The officials and Harold left, leaving me to stand with Pa, Ma, and Edwin on the plot of land behind the smithy.

The commander clapped a hand on my shoulder.

“You’re not wrong, Ash,” Edwin said, his voice low enough that only I could hear. “About going on the offensive. At least, not in my view. But Central Command… they see a much larger map than we do. Not saying they are right, but maybe there’s a piece of it we’re missing.” He sighed, the sound of a man caught between his duty and his gut. “For now, we defend. But don’t lose that fire. We will definitely need it.”

“I won’t,” I promised.

“Good. And congratulations on the breakthrough. And the kill.” He grinned a rare, genuine flash of warmth. “That Queen sure is one beast of a monster. I’m just glad I didn’t have to fight it. How’d you even get the damned thing back?”

A smirk touched my lips and I activated my sigil and its newly extended tattoo.

Edwin’s eyes widened, and he let out a short, good-natured curse. 

“You bastard. Guess I’m no longer the only Dawnwatcher with a maxed-out spatial.” He shook his head, a real chuckle rumbling in his chest. “Of course you’d be the second. Well, congratulations, Ash. You earned it.” With a final, firm squeeze of my shoulder, he followed the officials, leaving me there with Ma and Pa.

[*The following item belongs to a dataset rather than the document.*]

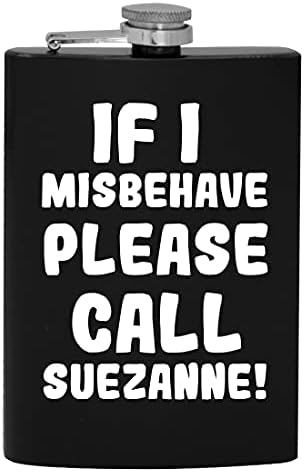 Ако аз ще се държат зле, моля, обадете се в Suezanne - фляжка за алкохол обем 8 грама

The space behind the smithy felt small with the Emmet Queen’s corpse dominating it. Somehow the victory already felt like a lifetime ago.

“You sticking around for a bit, son?” Pa asked, his gaze fixed on the monster, but his question was for me.

“Yeah,” I said, the tension of the Guild meeting finally draining away, leaving a bone-deep weariness. “Wouldn’t mind staying for dinner, if you’ll have me.”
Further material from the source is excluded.